#### WHAT THE TASK ASKS:
Would you transcribe exactly the lines from the one containing "Російські окупанти обстріляли" to the last line of the data below, both ends included, but none of the pictures?

----------

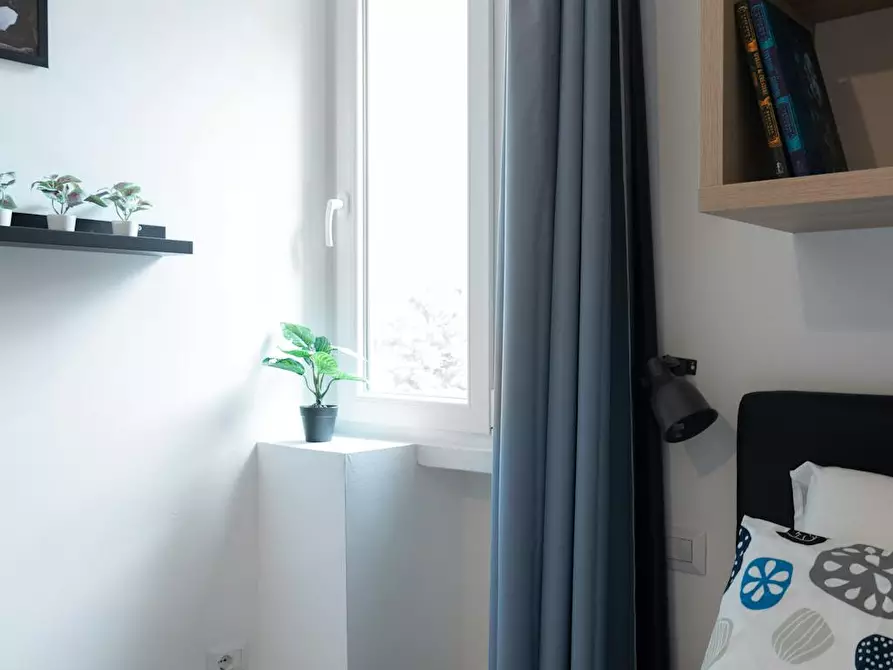 Immagine 9 di Camera in affitto  in Via Emilio Faà Di Bruno a Milano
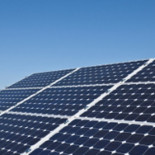 El 'New York Times' lleva a su portada el golpe a las renovables en España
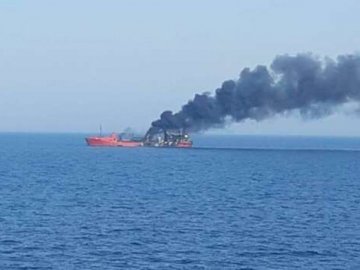 Російські окупанти обстріляли ракетами вантажне судно під Одесою: корабль потонув
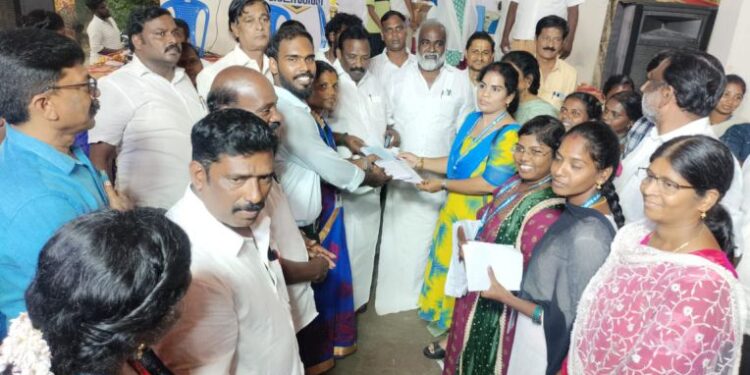 பொன்னேரியில் நலன் காக்கும் ஸ்டாலின் திட்ட முகாம்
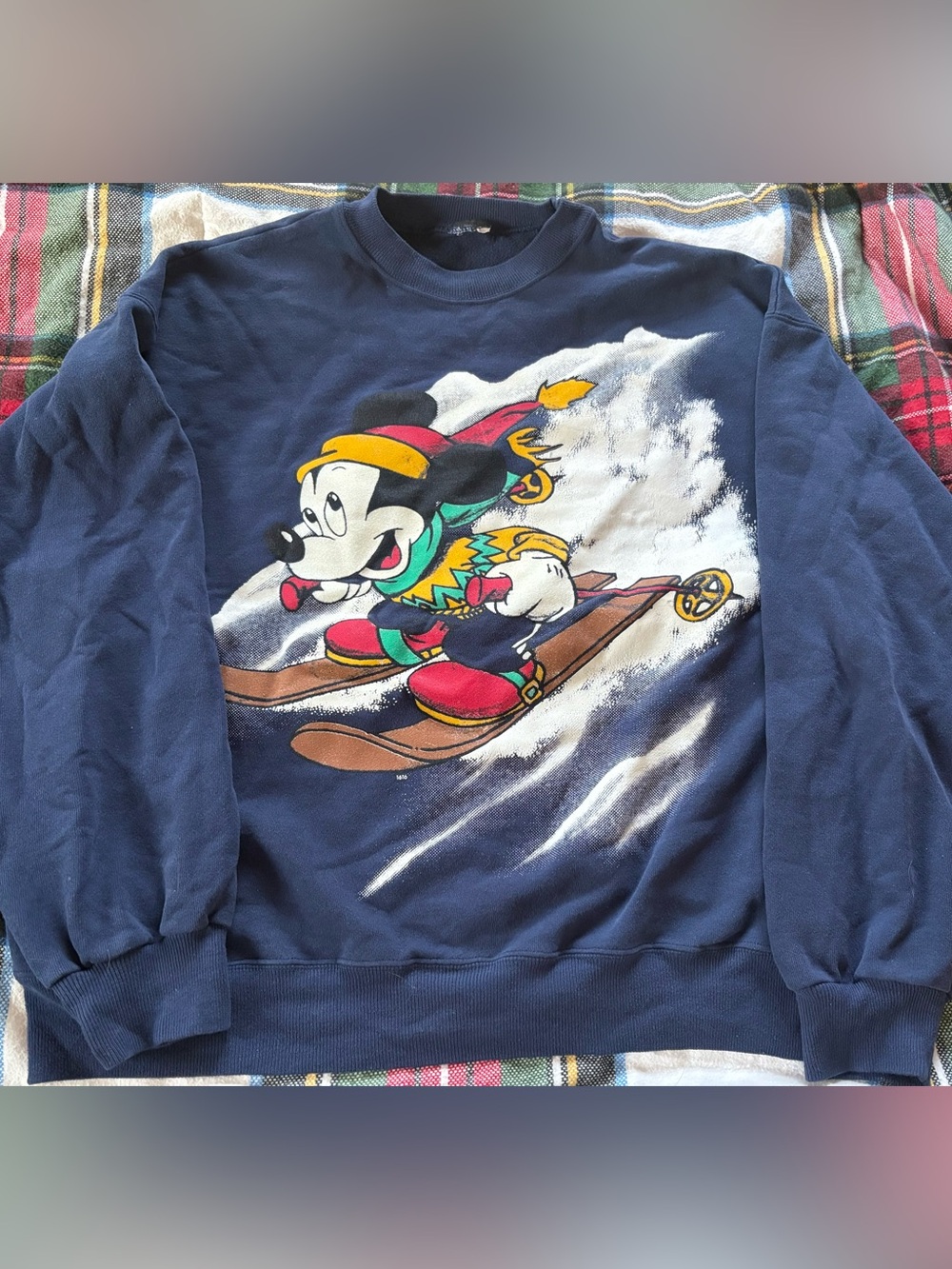 Vintage 90s Jerry Leigh Mickey skiing Mickey crew neck sweater size XL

----------

#### SOLUTION TO THIS EXERCISE:
 Російські окупанти обстріляли ракетами вантажне судно під Одесою: корабль потонув
 பொன்னேரியில் நலன் காக்கும் ஸ்டாலின் திட்ட முகாம்
 Vintage 90s Jerry Leigh Mickey skiing Mickey crew neck sweater size XL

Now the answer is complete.